→ Required work: From the material below, reproduce exactly the stretch of lines that begins with the line holding "OGLCCG Girls Casual" and ends with the line holding "CHANEL（シャネル） イヤリング ココマーク ラウンド プラスチック", skipping the pictures.

→ Material for this task:
----------------------------------------

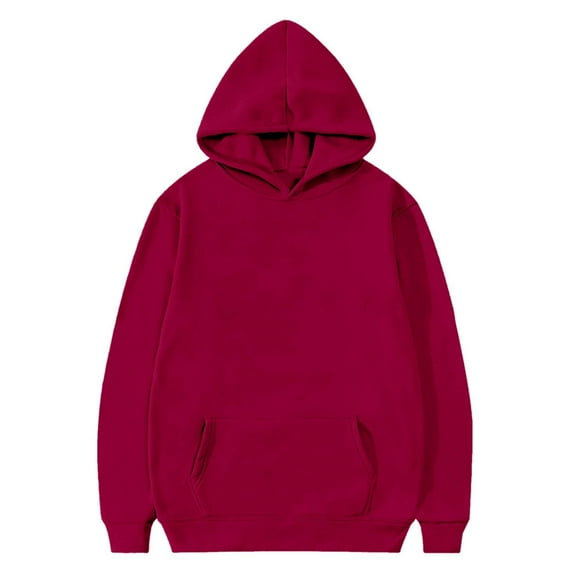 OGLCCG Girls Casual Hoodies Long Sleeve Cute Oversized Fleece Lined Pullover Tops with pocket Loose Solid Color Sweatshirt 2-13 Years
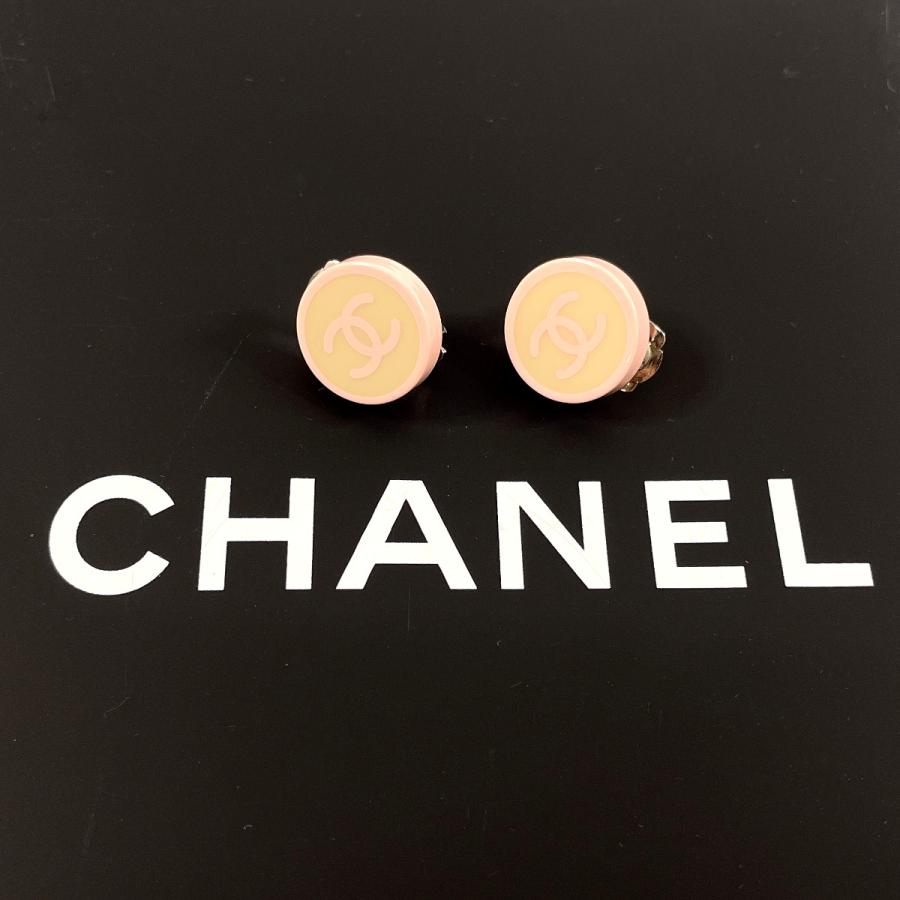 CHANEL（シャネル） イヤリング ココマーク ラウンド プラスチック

----------------------------------------

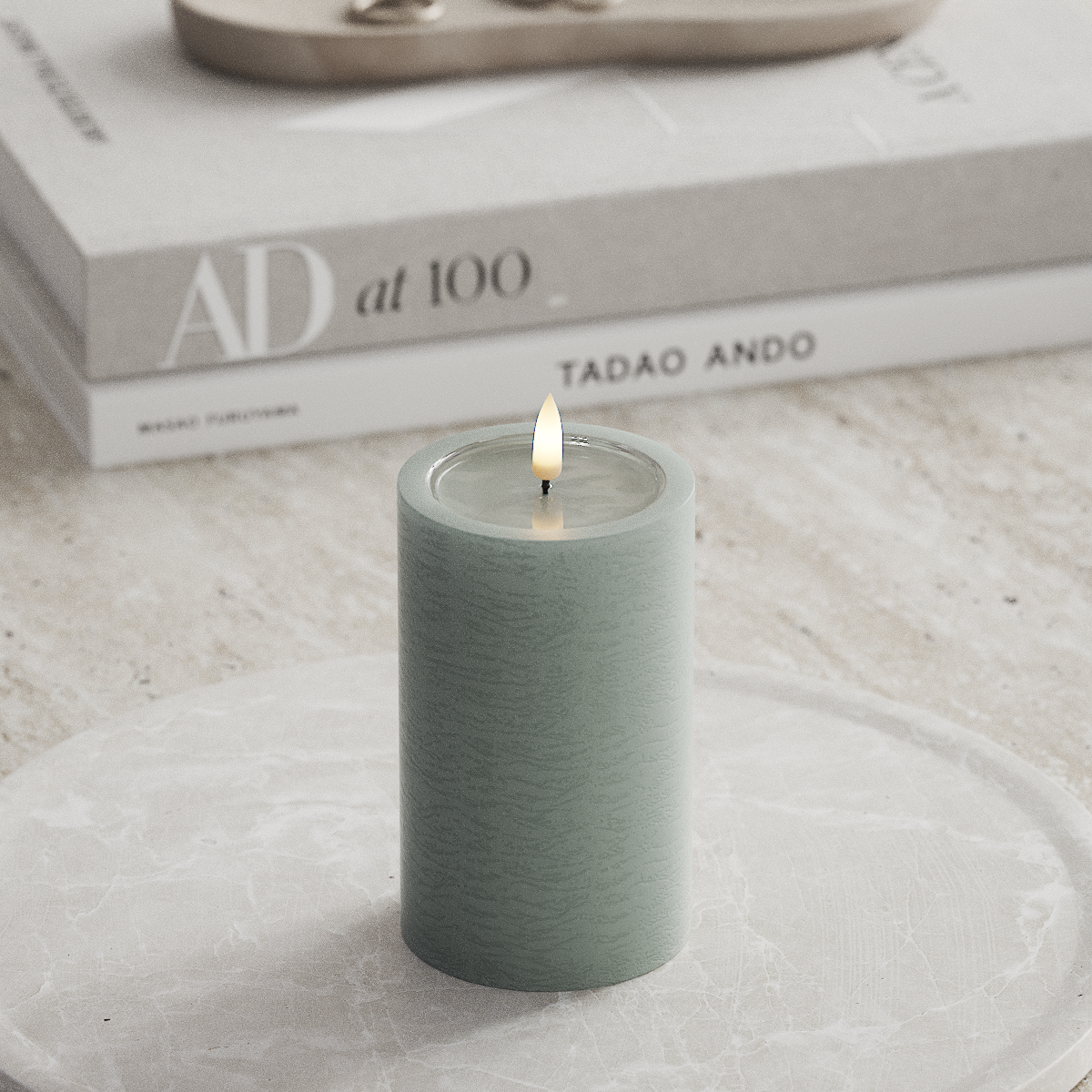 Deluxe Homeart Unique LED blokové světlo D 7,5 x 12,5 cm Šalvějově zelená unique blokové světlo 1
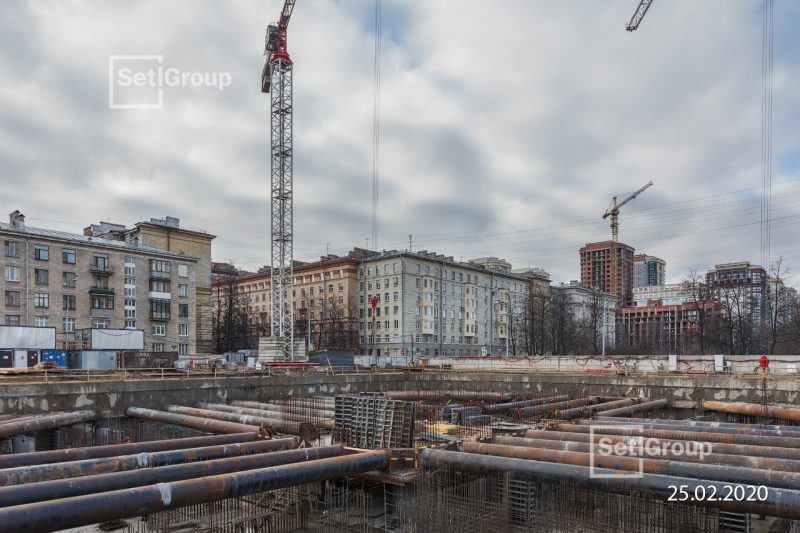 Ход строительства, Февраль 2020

----------------------------------------

→ Solution to this task:
 OGLCCG Girls Casual Hoodies Long Sleeve Cute Oversized Fleece Lined Pullover Tops with pocket Loose Solid Color Sweatshirt 2-13 Years
 CHANEL（シャネル） イヤリング ココマーク ラウンド プラスチック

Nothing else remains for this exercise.